**Exercise instructions**: Line by line, restate the material word for word, omitting any image.

**Data segment**:
──────

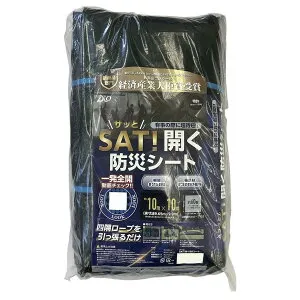 【4月25日限定！最大100％ポイントバック】【法人限定】イノベックス SAT! 開く防災シート 10m×10m MG10 10 災害用シート 【メーカー直送・代引不可・置配不可】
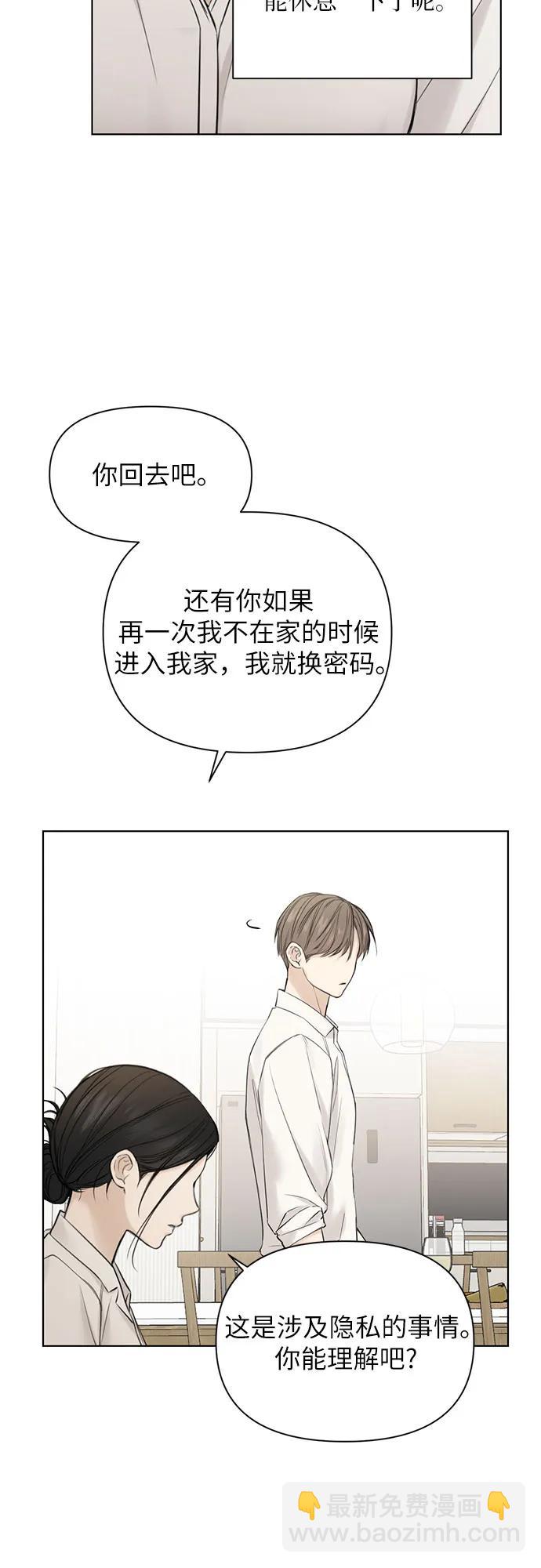 第31话39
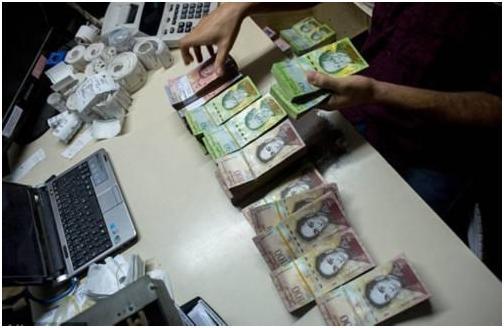 外媒替中国操心:委内瑞拉通胀那欠中国的钱怎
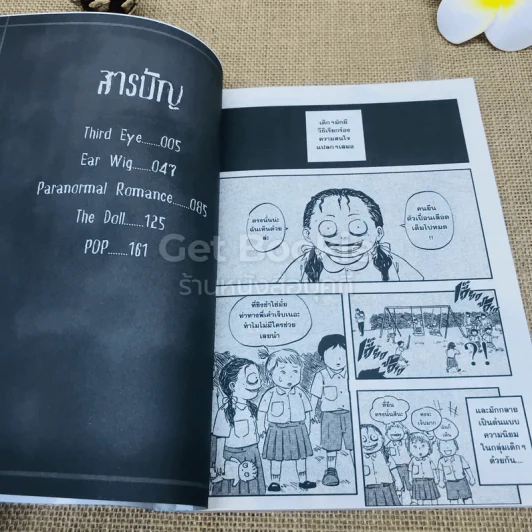 ไม่อยากให้เรื่องนี้มีผี รูปที่ 5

──────

**Answer for the task**:
 【4月25日限定！最大100％ポイントバック】【法人限定】イノベックス SAT! 開く防災シート 10m×10m MG10 10 災害用シート 【メーカー直送・代引不可・置配不可】
 第31话39
 外媒替中国操心:委内瑞拉通胀那欠中国的钱怎
 ไม่อยากให้เรื่องนี้มีผี รูปที่ 5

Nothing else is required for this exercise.